Este é mais um capítulo da série: livros para devorar.
Esse ano a Portela não foi bem na Avenida. Na verdade, foi muito mal, e poderia até ter sido rebaixada. Mas, se tem um lugar que a escola não desafina nunca é a cozinha. Mérito de suas simpáticas e talentosas integrantes da Velha Guarda, além de sambistas de respeito, quituteiras renomadas, com legiões de fãs. Isso rendeu até um livro, muito bom por sinal.
A música “Batuque na Cozinha”, de Martinho da Vila, é um samba bem humorado, que termina em confusão. Mas este livro “Batuque na Cozinha: As receitas e as histórias das Tias da Portela” (Casa da Palavra / Editora Senac Rio), de Alexandre Medeiros, ao contrário, é pura harmonia, apresentando histórias e comidas das tias da Portela, as integrantes da Velha Guarda da Escola, que cantam, dançam, batucam e cozinham muito bem.
O livro, editado em 2004, está fora de catálogo, mas comprei facilmente pela internet, com direito a dedicatória e assinatura do autor (não para mim, é claro).

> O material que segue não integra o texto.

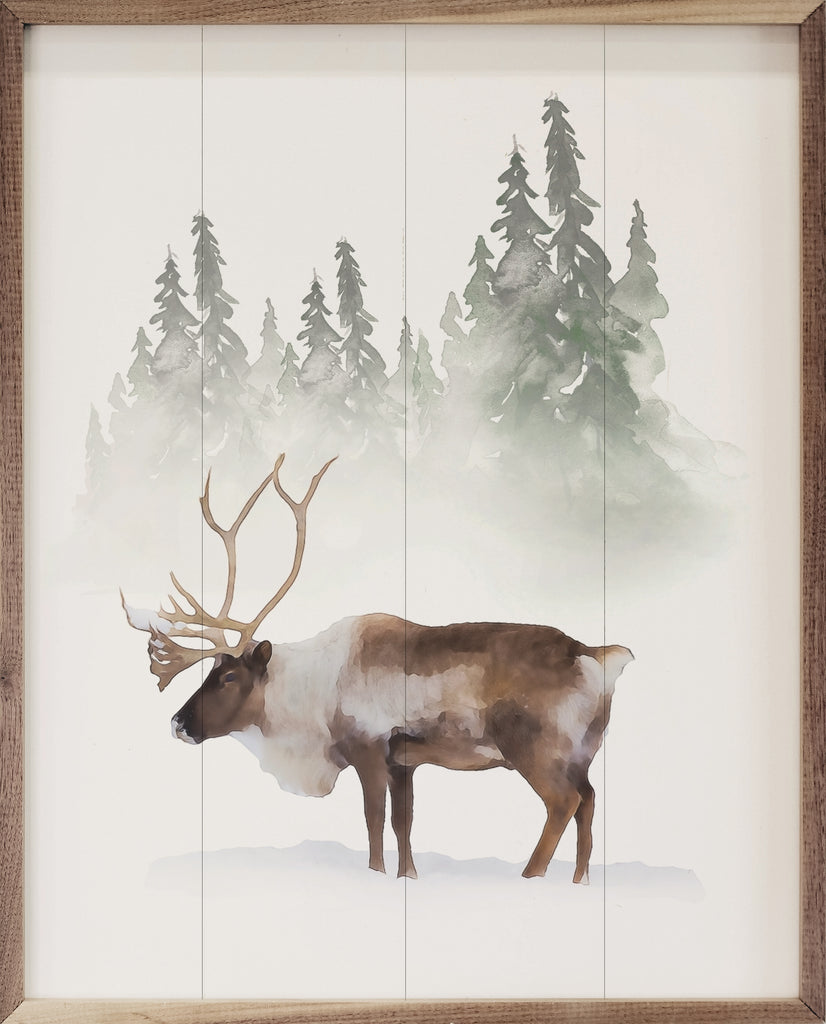 Watercolor Caribou 16x20 / White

Custou R$ 11 (com frete, R$ 23).
São quatro as estrelas da publicação: Tia Doca, que vai de tripa lombeira, sopa de entulho e a famosa sopa de ervilha de seu pagode dominical; Dona Eunice, que dá a receita da galinha ao molho pardo desde o abatimento da ave; Dona Neném, que apresenta o preparo da famosa feijoada portelense; e Tia Surica, que aposta no mocotó, na bacalhoada e também conta como faz sua feijoada no seu “Cafofo”.
O enredo funciona, o livro é agradável e o desfile de páginas vem numa boa cadência entre receitas e causos, num repertório bem editado das duas coisas. Pura cadência!
Tia Eunice, por exemplo, começa assim a receita da galinha à cabidela: “Mate a galinha. Tire toda a penugem e passe um esfregão com água e limão para retirar a gosma das juntas.
Coloque num prato fundo ou pote vinagre com sal.
Depene o pescoço da galinha e faça ali um corte para extrair o sangue. Deixe o sangue escorrer para o pote de vinagre e sal. Mexa para não coalhar e reserve.
Corte a galinha em pedaços – o peito em quatro, por exemplo – e tempere com sal e pimenta-do-reino.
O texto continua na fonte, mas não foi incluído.